Project:

A Park for All

This fellowship builds upon Dr. Guia’s PhD thesis, The Muslim Struggle for Civil Rights in Spain: Promoting Democracy Through Migrant Engagement, 1985-2010. It will also further research on nativism and the activism of racialized communities in Spain. This project will trace and map where migrants and radicalized communities gather now and what needs to change in the Turia river park (Valencia, Spain) to make it a welcoming space for migrant families again. Oral histories will be used to tell their stories and highlight their right to the city. Pictures and oral histories will be used to visualize how a significant percentage of the Valencia population would like to use public spaces but can not because their needs are not taken into account when public policy is decided and implemented.

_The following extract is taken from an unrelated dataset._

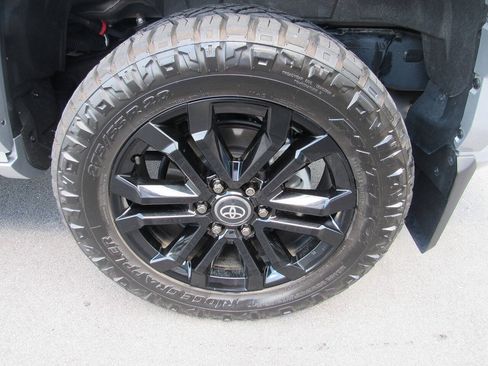 Used 2025 Toyota 4Runner Platinum AWD/4WD image 13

This project has the potential to transform how a city designs public green spaces in an inclusive and equitable way. 

Faculty bio:

headshot of Aitana Guia

I am a social and political historian of postwar Europe. I focus on migration, nationalism, minorities, and environmental social movements. My latest research is on the greening of spaces in cities that used to be freeways. I aim to explore how the design of urban parks welcomes some people and, intentionally or unintentionally, keeps others away. My case study if the Turia River Park in Valencia, Spain, a wonderful 10K linear park that is very well suited to the needs and uses of “native” Valencians, but has become an unwelcoming space for racialized and migrant Valencians.
I hope that this fellowship will help me visibilize these stories of displacement and how to revert them and create “A Park for All”.